Pendant alarm watch circa 1590 in the form of a sundial with compass for setting time.
In the world of horology, astronomy, the sky, and the stars have long played an important role. Indeed, since the dawn of man, time and all we do, has been influenced by the sun, the moon and the stars. The entire concept of how the tides, harvesting seasons and more have influenced our lives and our view of time has been the basis of long discussions and laid the groundwork for building advanced clocks and watches over the centuries.
Planetary clock by Francois Ducommun, 1830.
Earlier this year at SIHH 2014 watch show, the Fondation de la Haute Horlogerie (HH) implemented an intriguing exhibition entitled Horology, a Child of Astronomy. The exhibit, which will travel to various events around the world this year, traces the relationship of time and space over the centuries, and features astronomical instruments, sun dial clocks, pocket watches and wrist watches that have played a role in man’s tracking of the moon, stars and sun.
18th century silver sundial signed Pierre LeMaire, Paris.
This exhibit highlights many of man’s timepiece inventions that have been and are, today, based on the sky.
A closeup of a planetary clock.
Among the items included in the display is a replica of the bronze Nebra disk – an artifact dating back to 1600 BC that is considered the oldest representations of the heavens found today. It features 32 celestial bodies on it, with the sun, the crescent moon and Pleiades. It is believed local Nebra, Germany, farmers used it to plan harvesting cycles.

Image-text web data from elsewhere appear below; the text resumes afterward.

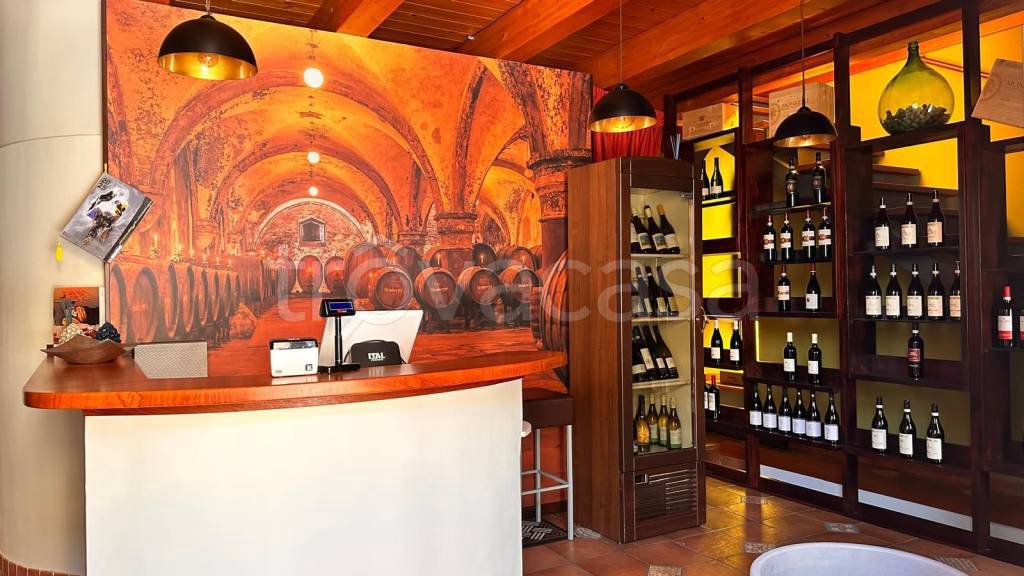 negozio in vendita a Barcellona Pozzo di Gotto in zona Centro Città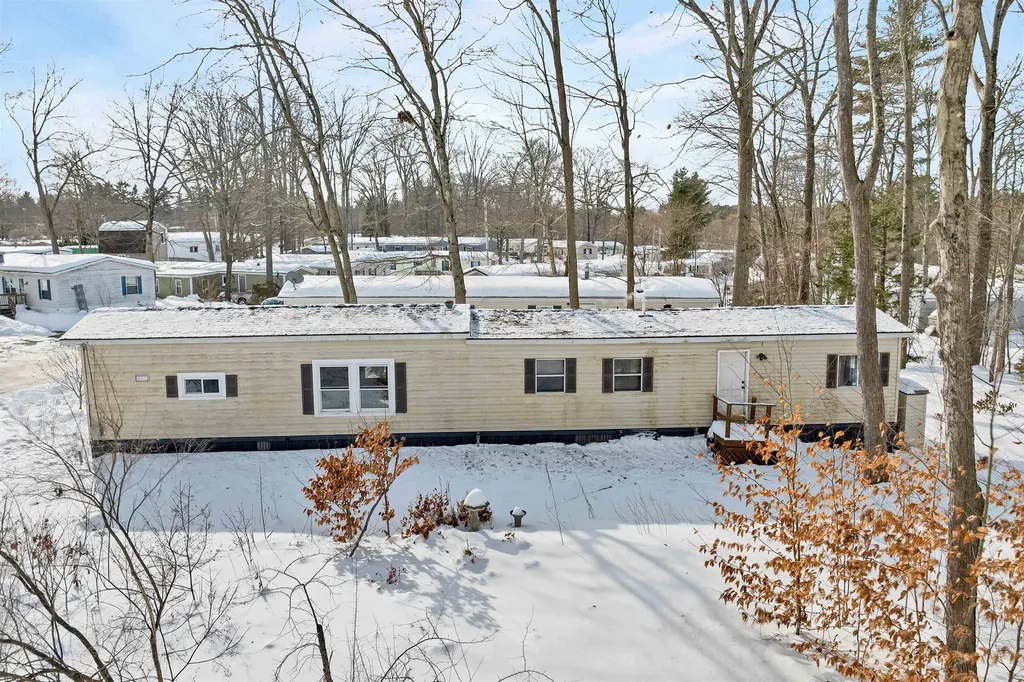 12 Cornwall Avenue Exeter NH 03833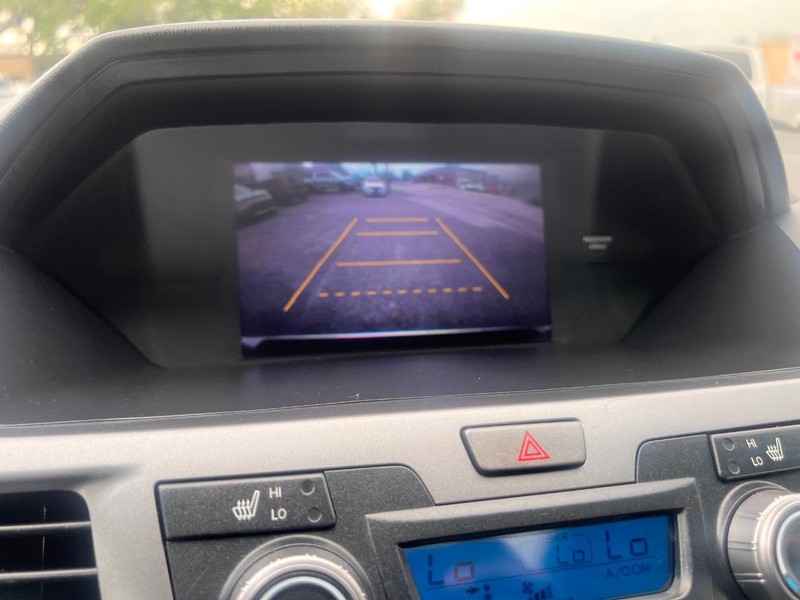 Honda Odyssey Vehicle Full-screen Gallery Image 36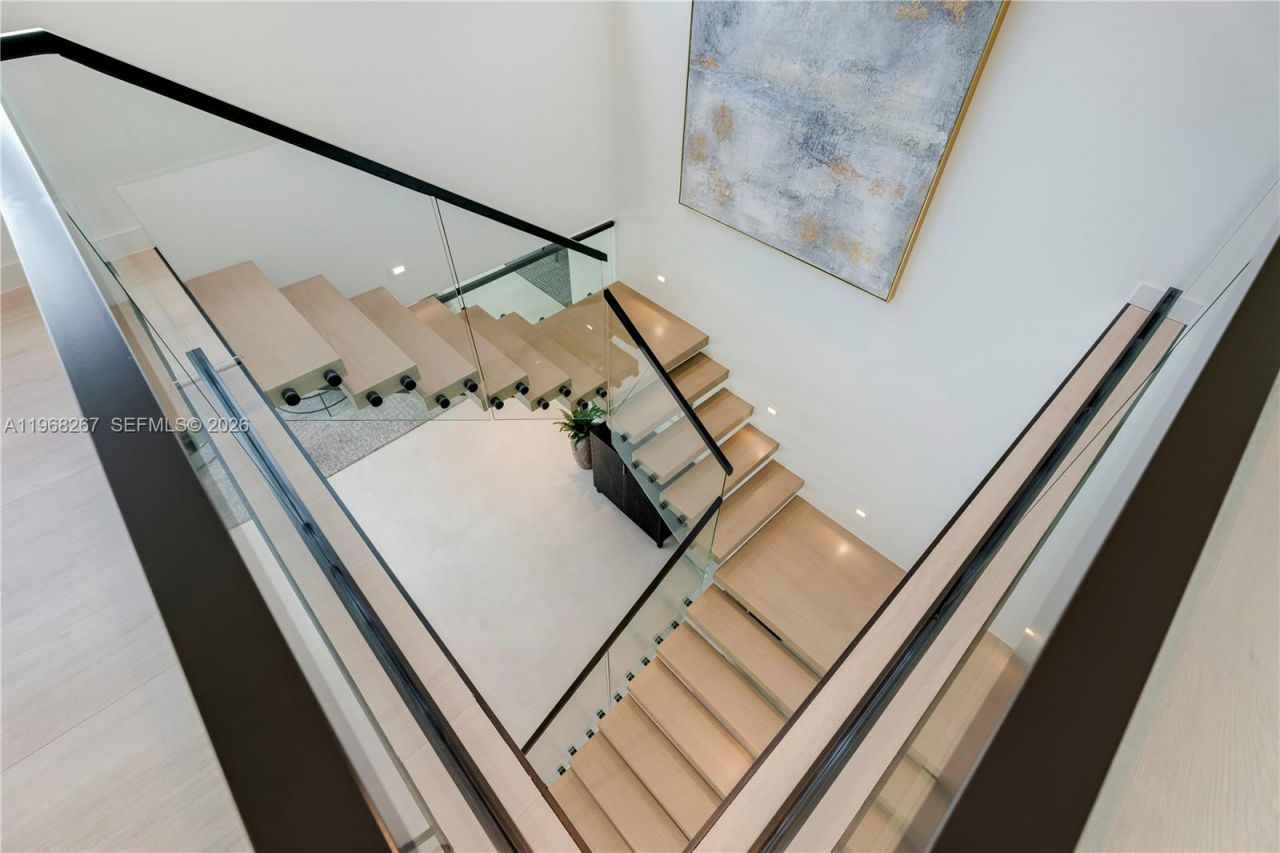 4081 Hardie Ave, Miami, FL 33133 Photo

Replica of the Nebra disk, the oldest artifact depicting time and the celestial bodies.
Also on display: a pendant alarm watch circa 1590 in the form of a sundial with compass for setting time; an 18th century silver sundial, a Francois Ducommun 1830 Planetary clock. These ancient timepieces were joined by a host of current-day astronomical watches ranging from the trilogy by Ulysse Nardin to a other exciting new astronomical watches that are inspired by our skies.